The other day I dropped by to visit my Grandmother who lives in a retirement home that is pretty much straight from the script of In Her Shoes, if you're familiar with the film (and that was a reference, NOT a recommendation, just to clarify). She invited me to walk over to the clubhouse for a food sample fair.
It was pretty great-- imagine "sample day" at Sams or Costco, only without the shopping part. And wine. Whee! In addition to food, there were some vendors with paper products. The gentleman peddling napkins that were made from 100% sugar or corn products instead of trees (don't ask me how that works...) showed my grandmother his product and assured her, "they come in a pack of 1000". She replied, matter-of-factly, "oh, I won't live that long".
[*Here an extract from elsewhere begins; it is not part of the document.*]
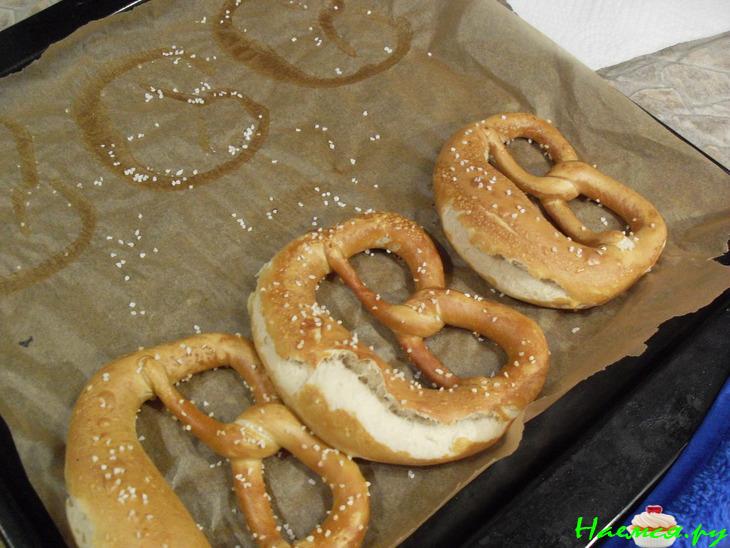 Брецели - немецкие бублики (Brezel)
I choked on my fried zucchini with wasabi sauce, but then caught myself. It wasn't a pitiable or dramatic statement, she was just offering her opinion, like who might win the World Series or something. Considering she'll be 90 in January, my grandmother's pretty healthy. There's a good chance she'd use all 1000 napkins and some, but that's not the point. I was just struck by how very aware my Grandmother was that she would die one day. It's something that we all toss around, but when your initial reaction to a pack of 1000 napkins is that you probably won't be around long enough to use'em, it's a whole different story.
If I internalized the knowledge of my inevitable death to that point, I wonder how that would affect my actions. I think if I really understood-- not just knew, but understood-- that I was going to die, I'd waste less time, pray more and treat people better.
But I'd still buy paper products in bulk.